In architecture, the gender bias affects the profession as a whole. Much of the work to dismantle it has so far been done by women, but everyone working within the sector has a responsibility to advance equality and fairness for all. At the coalface of the profession, equality may on some level be a reality already, but it is equally important that the way we communicate about the profession and the image we project also seeks to do away with the individualistic and male-centred myth. The history and achievements of women architects must be integrated into the institutionally preserved and institutionally presented history of (largely male) architecture. In addition to active efforts to achieve gender equality, we also need research into women architects, prevailing professional practices and gender biases across the profession. It will also be vital to promote inclusion for other under-represented groups too. Conscious, strategic, long-term efforts are required to dismantle social and professional practices that act as a barrier to equality. ↙

Hanna Tyvelä (b. 1983, art historian, built enviroment researcher)
is currently working on a PhD project in history at Tampere University Faculty of Social Sciences on the Finnish welfare state architecture.


REFERENCES

Beatriz Colomina: ”Outrage: blindness to women turns out to be blindness to architecture itself”, The Architectural Review 3/2018.
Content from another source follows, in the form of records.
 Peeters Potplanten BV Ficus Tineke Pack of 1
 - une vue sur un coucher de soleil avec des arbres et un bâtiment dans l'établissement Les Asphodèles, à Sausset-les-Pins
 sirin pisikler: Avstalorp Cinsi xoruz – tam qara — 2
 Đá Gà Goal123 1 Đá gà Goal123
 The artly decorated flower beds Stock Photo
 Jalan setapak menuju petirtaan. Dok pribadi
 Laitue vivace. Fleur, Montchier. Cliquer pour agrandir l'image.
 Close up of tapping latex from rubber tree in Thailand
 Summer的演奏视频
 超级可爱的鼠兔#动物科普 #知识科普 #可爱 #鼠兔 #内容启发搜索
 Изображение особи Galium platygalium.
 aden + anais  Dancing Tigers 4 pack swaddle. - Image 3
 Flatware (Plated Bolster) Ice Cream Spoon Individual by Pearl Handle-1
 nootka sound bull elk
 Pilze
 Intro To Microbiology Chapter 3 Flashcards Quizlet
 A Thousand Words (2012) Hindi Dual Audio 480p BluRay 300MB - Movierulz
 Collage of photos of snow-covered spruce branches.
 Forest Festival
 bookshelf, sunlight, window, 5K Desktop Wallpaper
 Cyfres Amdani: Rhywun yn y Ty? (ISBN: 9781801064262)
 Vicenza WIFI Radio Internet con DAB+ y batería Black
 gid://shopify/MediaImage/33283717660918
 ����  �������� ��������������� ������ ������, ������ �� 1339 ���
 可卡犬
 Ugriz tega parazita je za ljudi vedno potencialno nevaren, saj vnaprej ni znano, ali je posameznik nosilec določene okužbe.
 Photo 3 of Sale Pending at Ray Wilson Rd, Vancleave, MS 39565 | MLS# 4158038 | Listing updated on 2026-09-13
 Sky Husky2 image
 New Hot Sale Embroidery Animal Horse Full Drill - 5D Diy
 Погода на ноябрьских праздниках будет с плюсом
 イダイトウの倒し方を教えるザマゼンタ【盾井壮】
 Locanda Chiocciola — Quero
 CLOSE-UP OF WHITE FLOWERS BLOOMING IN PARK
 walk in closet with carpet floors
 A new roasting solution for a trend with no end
Hilkka Lehtonen: Me – ensimmäiset väitelleet suomalaiset naisarkkitehdit 1984–1994, 2017.

Ulla Markelin & Marja Nuuttila-Helenius (eds.): Pioneering Women Architects From Finland, 1983.

Pirkko-Liisa Schulman: ”Naisverkosto sai alkunsa”, Arkkitehti 2/2017.

Despina Stratigakos: ”May Women Practice Architecture? The First Century of Debate”, Where Are the Women Architects?, 2016.

Despina Stratigakos: ”Architecture Prizes and the Boys’ Club”, Where Are the Women Architects?, 2016.

Renja Suominen-Kokkonen: The Fringe Of A Profession – Women As Architects in Finland From The 1890s To The 1950s, 1992.

Helena Werner: Kvinnliga Arkitekter – Om byggpionjärer och debatterna kring kvinnlig yrkesutövning i Sverige, 2006.